In response, political parties and big business have advocated ‘clean coal’ and ‘zero emissions’ nuclear power as key solutions to our warming problem. The use of the words ‘clean’ and ‘zero’ in relation to coal and nuclear energy give the appearance of security and safety.

However, clean coal is at best an oxymoron and at worst a filthy lie. The open cut mining of coal is one of the most destructive activities undertaken on the face of the earth. It creates massive and permanent damage to regional landscapes wherever it is undertaken. The burning of coal pollutes big time and it is not just carbon dioxide that we should be concerned about; millions of tonnes of highly toxic chemicals spew out of the chimney stacks of coal-fired power stations world-wide.

The capture and storage underground or undersea of carbon dioxide (geosequestration) is a high risk ‘solution’ to the problem of carbon dioxide pollution. It will be at least twenty years before new power stations are operating with connections to this untested technology. Meanwhile, another 20 years of additional carbon emissions would have been added to the earth’s atmosphere.

More pointedly, there can be no guarantee that the stored carbon dioxide would remain ‘safe’ for the indefinite future. Should huge volumes of stored carbon be released by geological instability, the warming problem will massively and suddenly escalate. Carbon geosequestration is yet another form of Russian roulette with the future. The fact is, concentrated carbon dioxide buried in the ground is potentially toxic and dangerous for all time.

The nuclear energy option promoted as clean and zero emissions is another example of false framing. A nuclear power plant is hugely costly to build, carbon intensive in its construction phase, limited by 50 year uranium supplies, not fail-safe and is open to the ever present danger of human fallibility. There is no solution to the problem of intractable nuclear waste and plutonium is highly dangerous for 20,000 years. The use of refined uranium in weapons and the possibility that they will be used by terrorists is inviting Armageddon. It is simply too risky to allow nuclear proliferation; nuclear energy is a dangerous dead-end in the energy debate.

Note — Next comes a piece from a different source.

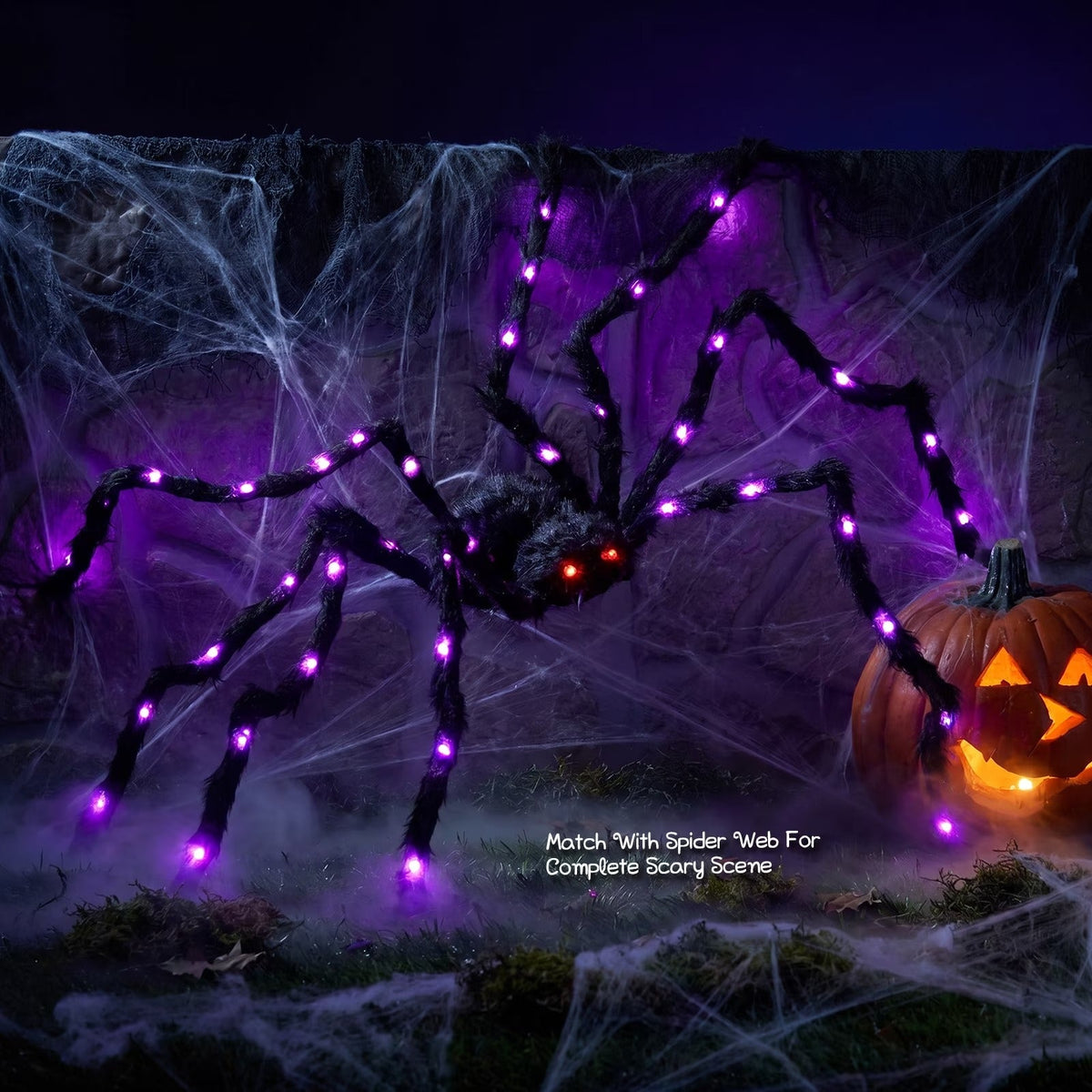 Oversized Five Foot Halloween Spider with Lit Legs and Bendable Fur Covered Body in Purple Or Orange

To avoid further imposition of risk on the citizens of planet earth we need a new frame to evaluate our energy options. Both coal and nuclear energy are high risk options for our future. By contrast, genuine contenders for a sustainable energy future must satisfy all of us that they present no short or long term risk to the health of the planet and its inhabitants. If RFE fails, it will be a safe fail; if humans display characteristic fallibility and make big mistakes, the fall-out will be inconsequential and the sources of such risk free energy must be renewable and freely available to all. In short, RFE is the new frame that must allow evaluation of all energy options into the future … we must ask not only if it is really clean, but is it safe?